*HOW TO COMPLETE THIS TASK:* Reproduce the data below word for word, setting aside any picture it holds.

*COLLECTED MATERIAL:*
•••••

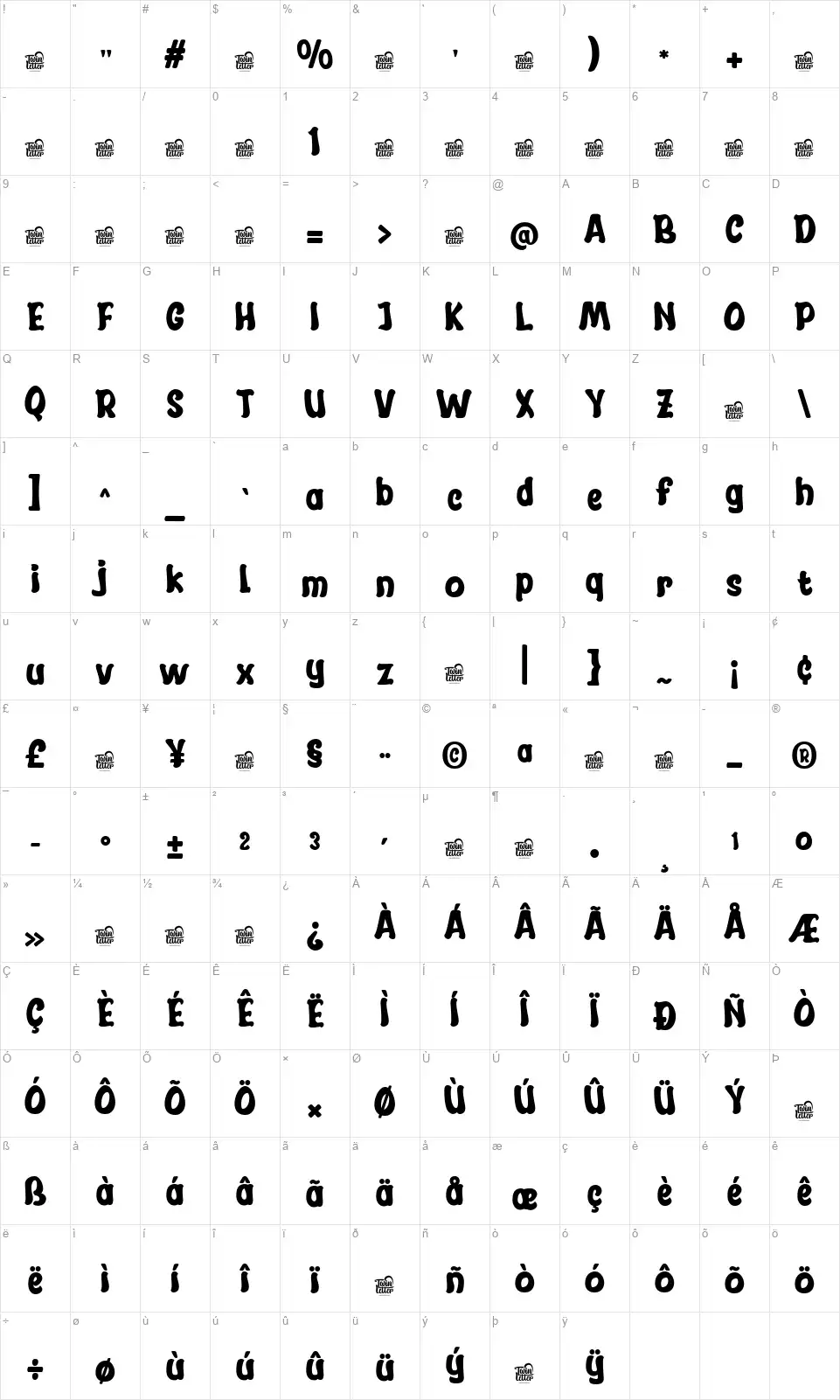 Garutonfont character map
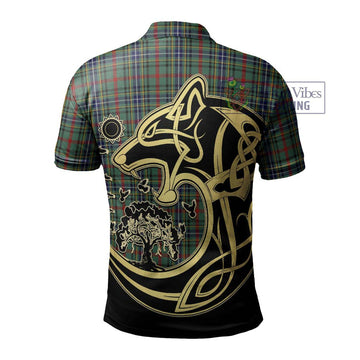 Bisset Tartan Polo Shirt with Family Crest Celtic Wolf Style - Tartan Vibes Clothing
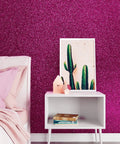 Hot Pink Glitter Peel and Stick Wallpaper Roll 15.8 Inch by 276 Inch Self Adhesive Sequin Wall Covering Sparkle Contact Paper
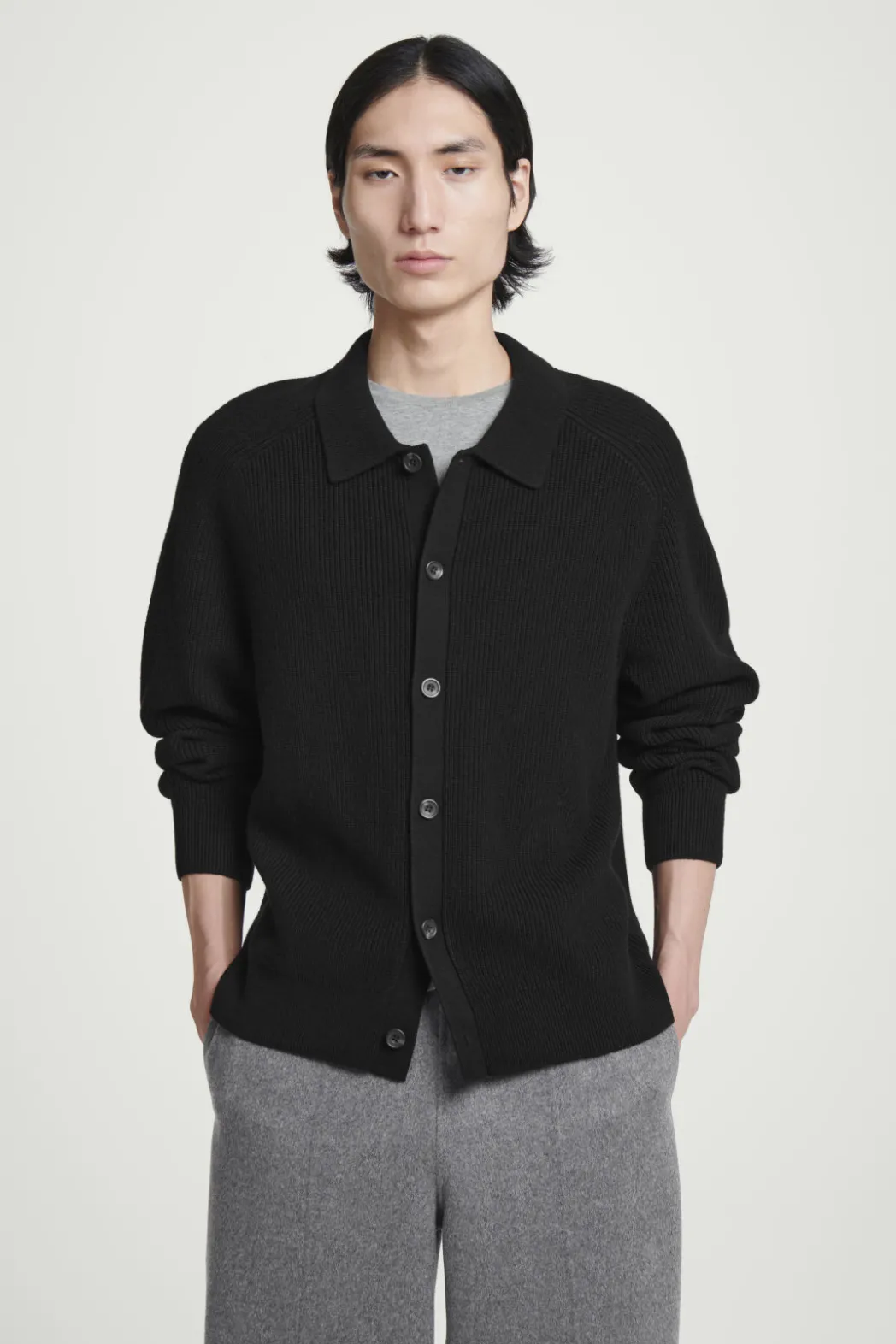 Sale COS COLLARED RIBBED WOOL-CASHMERE CARDIGAN BLACK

•••••

*WRITTEN SOLUTION:*
 Garutonfont character map
 Bisset Tartan Polo Shirt with Family Crest Celtic Wolf Style - Tartan Vibes Clothing
 Hot Pink Glitter Peel and Stick Wallpaper Roll 15.8 Inch by 276 Inch Self Adhesive Sequin Wall Covering Sparkle Contact Paper
 Sale COS COLLARED RIBBED WOOL-CASHMERE CARDIGAN BLACK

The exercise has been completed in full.